In his affectionate preface, Anthony Dunn writes that the process of editing felt as if it was “uncovering some important secrets”. Indeed it was, the most general being the secret of an unheralded and accomplished poet, but there are more specific secrets too.

My life has been
Cold Mountain.

The paths of my going
and of my coming
are loose on the clatter
of scree still
finding its angle.

[‘My life has been’]

I saw you tonight
passing like a ghost on the dark hill
in dusk hovering and into dark pouncing
to a noise beyond the wall on the far moor….

The noise was not you;
but at least I can say,
at least I saw you today.

[‘Barn Owl’]

The first secret lies in the way that Hughes’ poems are gifts to others, often dedicated to them – none more so than his climbing companion and friend, Barry Daniel, who was killed while leading an expedition of students on the Austerdalsein. Hughes’ befriending of ‘Young Dave’ – a troubled young offender who attacked him – and the prison letters and poems composed between them, are not without a down-to-earth humour that eschews sentimentality:

Perfection, where all things are fixed and true?
It doesn’t sound the kind of heaven to strike
you dumb with wonder; you’d have nowt to do

You’d much prefer a heaven where gods might hike
on sponsored walks that you could organize –
to build a climbing wall, or something like.

[‘Valediction’]

The skill of varied line throughout the book is testament to Hughes’ accomplishment. Contrast the long line, say in ‘East of Ypres, Sanctuary Road’ with the poems already quoted:

November night in Sanctuary Wood: the broken Old
Contemptibles
have re-assembled in the low ridge lee, where field-gun
shrapnel
tears the year’s last foliage from trees that splinter, till it
seems there’ll never be
a spring sprung green again. Soldiers, sleeping shallow
under leaf-mould

and while some may find too many s’s on the line ‘Soldiers, sleeping shallow’, consider the stresses, the musicality of consonantal cluster and internal rhyme that catches the breath, a kind of struggle to read as well as to view the clear image that sense of Ypres successfully evokes. The second secret is not just a sense of care and integrity regarding the individual, but also a sense of horror at the outrage of war upon each of us.

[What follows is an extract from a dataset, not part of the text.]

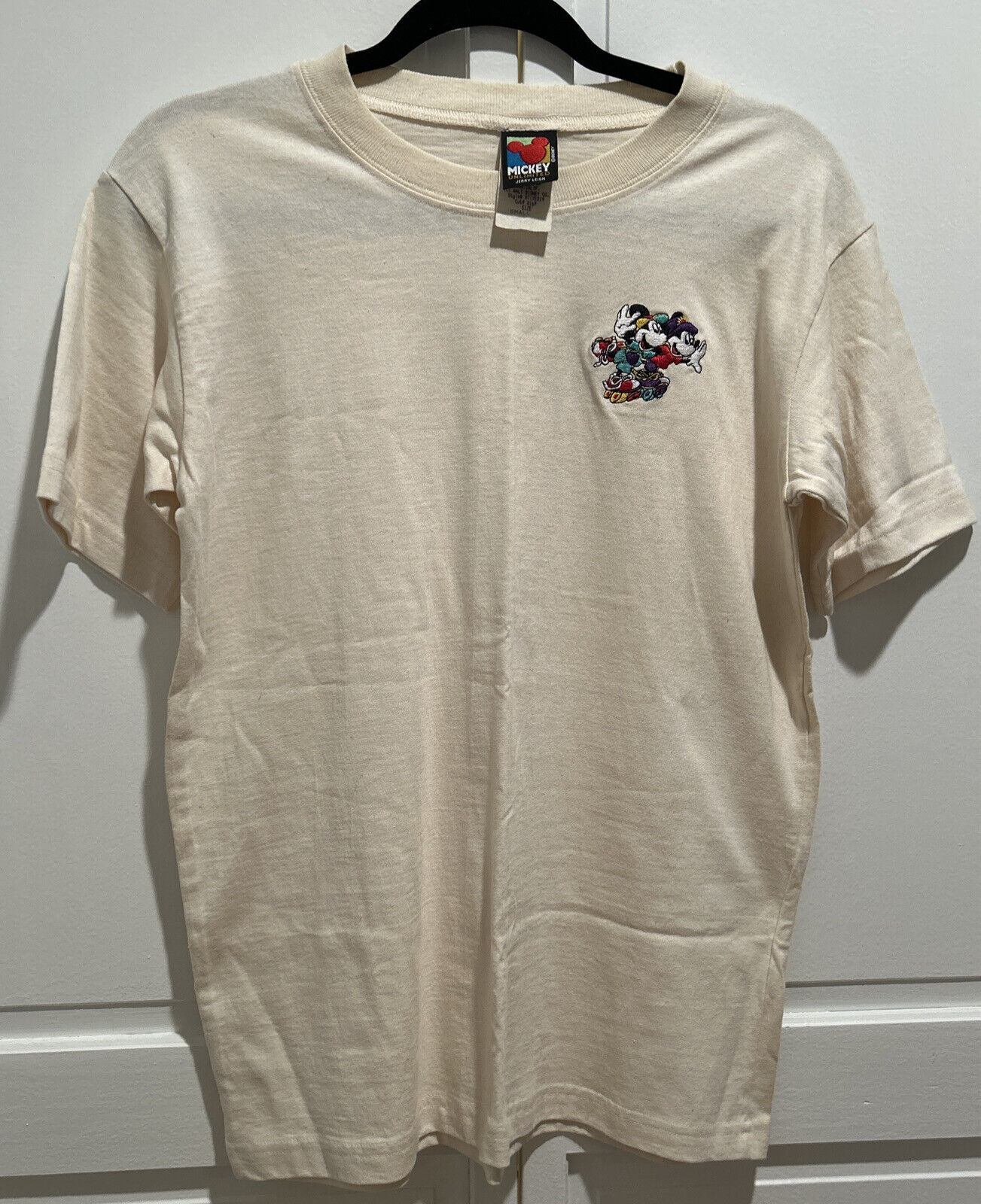 Vintage Disney T Shirt Small Mickey Minnie Unlimited Jerry Leigh Paper Tag Y2K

Seven of the players down by Armistice Day –
And even the slender boy in the Umpire’s coat,
Yes, even the Umpire lost his cheerful name
By the end of the War by being Jolly dead.

[‘Summer 1913’]

‘Edward Thomas, 5th February 1917′ is Hughes’ homage to a sensibility he clearly shared –

And poplars at the village end,
And mistletoe in a field. Snow lay
Among the railway tracks, as pale
As the cold, crimson, sunset sky.

And for that minute a field gun sang
Close by, and round it, as deadly,
Duller and duller, all the guns
Of Flanders and of Picardy.

Ex Libris is a bookplate and a word game, but also something of vital importance: it details the value of a true friendship, evocations that a reader of the poem can authentically engage with. The reader of David Hughes will hear ‘stories to tell’, accessible, lyrical and felt:

Your owl’s much more than a ‘bird of wisdom’ now:
it calls along my days like memory,
or smoke which re-assembles its solidity,
a flame that shrinks to kindling…..

It haunts those barns which crumble from neglect
back into earth, where spores spin up through beams
of light, or timber, ready to begin.

‘Owl’

So many poets are published that we live in a wealth of talent today, richly foraged by small presses and magazines. Even so, some could be easily missed. We owe a debt to Anthony Dunn, the editor of this book, but he has yet more work to do. David Hughes’ Whitby/Scarborough poems are something for us all to look forward to, of which we have a mere taster in one poem included in this collection. There is reason why Valley Press have produced this as a first hardback in their catalogue. This is a quality collection, to be heralded and appreciated for its deftness of line, musicality of ear and sensibility addressing major themes. From the climbing peaks of Wales, Iceland and Norway Hughes dug in his crampons, lauded the values of being which climbing seems to nurture:

my own life
at the cwm’s rim
or on the steep
escarpment’s sudden edge.

Becoming competent, having the scenery mapped,
began to guide others.

I’d like to take you all the way.

[‘Prepared Early’]

There is his offer. David guided many when alive; he is doing so still.